An integrated correlator of four superconformal stress-tensor primaries of N = 4 supersymmetric SU(N) Yang-Mills theory (SYM), originally obtained by localization, is reexpressed as a two-dimensional lattice sum that is manifestly invariant under SL (2, Z) S duality. This expression is shown to satisfy a novel Laplace equation in the complex coupling constant z that relates the SU(N) integrated correlator to those of the SU(N + 1) and SU(N - 1) theories. The lattice sum is shown to precisely reproduce known perturbative and nonperturbative properties of N = 4 SYM for any finite N, as well as extending previously conjectured properties of the large-N expansion.

Automated summary

This study reexpresses the integrated correlator of four superconformal stress-tensor primaries of N = 4 supersymmetric SU(N) Yang-Mills theory as a two-dimensional lattice sum, which is shown to be invariant under SL (2, Z) S duality.
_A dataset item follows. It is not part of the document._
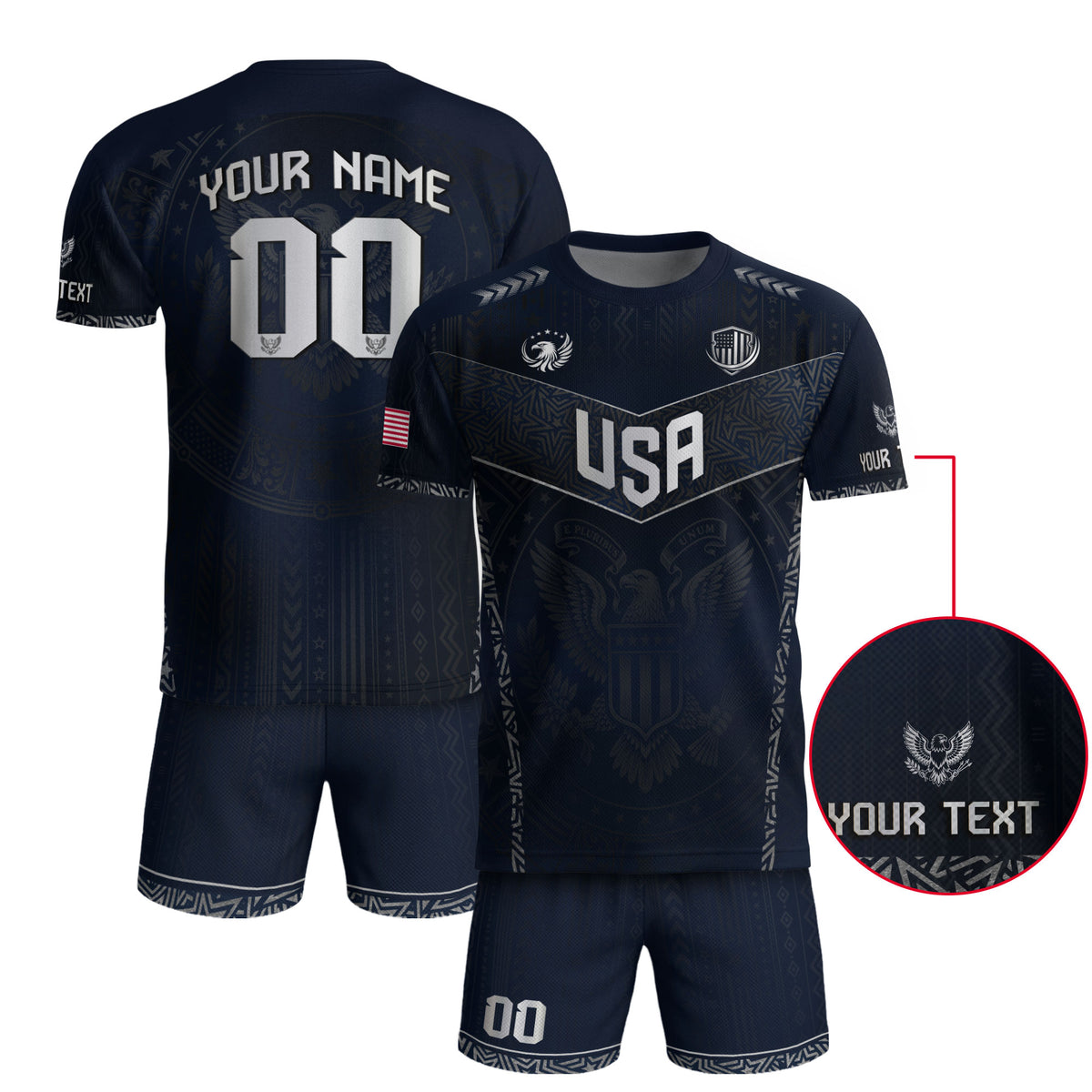 Custom Adult USA Soccer Jersey - Personalized Name & Number Patriotic Sports Team Shirt - Rust Field Wear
The lattice sum is proven to satisfy a novel Laplace equation in the complex coupling constant z, connecting the SU(N) integrated correlator to those of the SU(N + 1) and SU(N - 1) theories. It accurately reproduces both perturbative and nonperturbative properties of N = 4 SYM for any finite N, as well as extending previously conjectured properties of the large-N expansion.